Someone named Salman Abedia killed himself with the intent of scaring millions of people, and in the process this 22-year-old man took not just his own life but the lives of 22 people, including an 8-year-old girl named Saffie Rose Roussos.

Almost 60 others were hurt, and many of the victims were children.
The news spread like a gasoline-fed fire via the world’s airwaves and fibers and cables and LTE and 3G and 4G and WiFi and ethernet. The faces of 22 people murdered in cold blood appear in our hands, their blood can be seen at our fingertips. We did not sign up for this when we activated our devices, and yet, there it is.
About the only thing that surprises me anymore is how some people react to the horrific events I’ve covered in my lifetime, from the bombing of our Marine barracks in 1983, the 1988 bombing of Pan Am Flight 103 over Scotland, the 1993 attack on the World Trade Center, Oklahoma City, 9/11, Newtown, San Bernardino and attacks on innocents around the world from the Middle East to Africa to Russia and Indonesia.

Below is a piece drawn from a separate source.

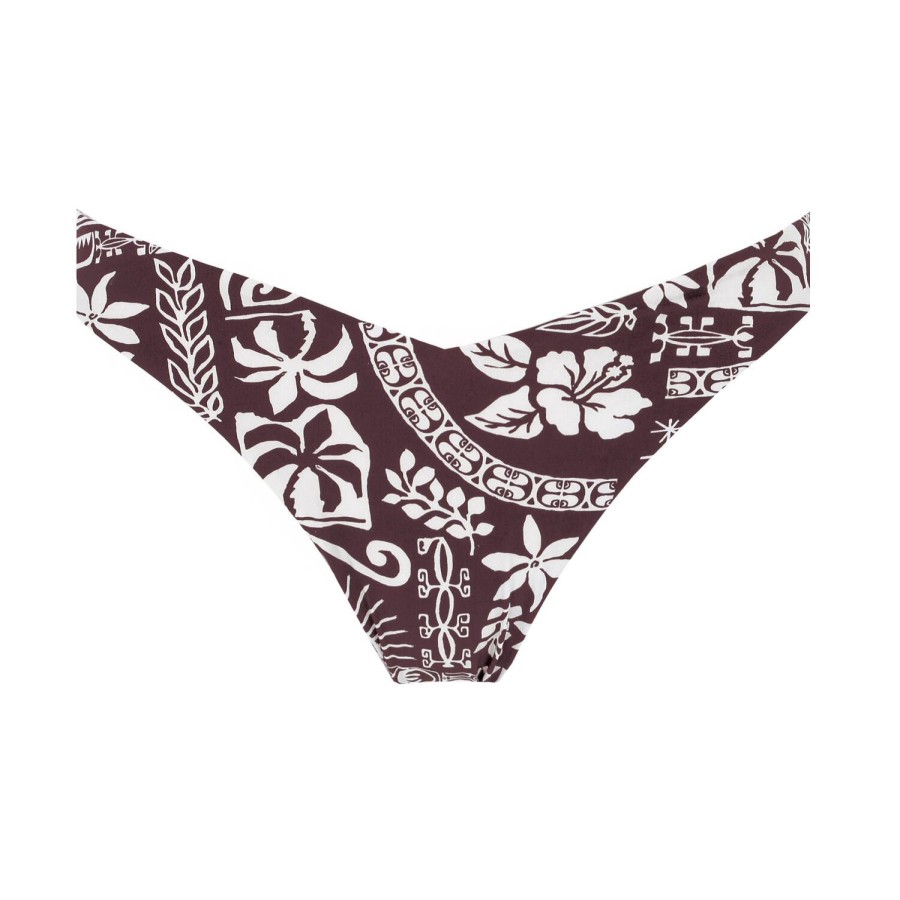 Maillots De Bain Banana Moon Bresilien / Tanga | Bas De Maillot De Bain Tanga Kaya Chocolat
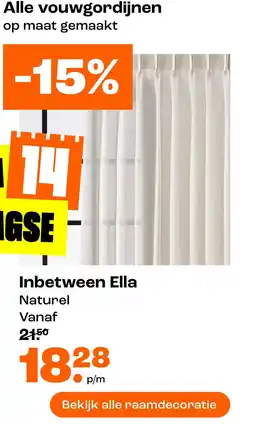 Kwantum Bekijk alle vouwgordijnen aanbieding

Many people responded as I did, with shock and horror, tears and disgust. The internet can unite us in moments like this, and provide all of us a chance to connect in our sorrow, even with celebrities who typically seem so far from us.
The way some other people react is to draw attention to themselves and their beliefs, and in the social media universe, that temptation is greater than their moral restraint, presuming they have some.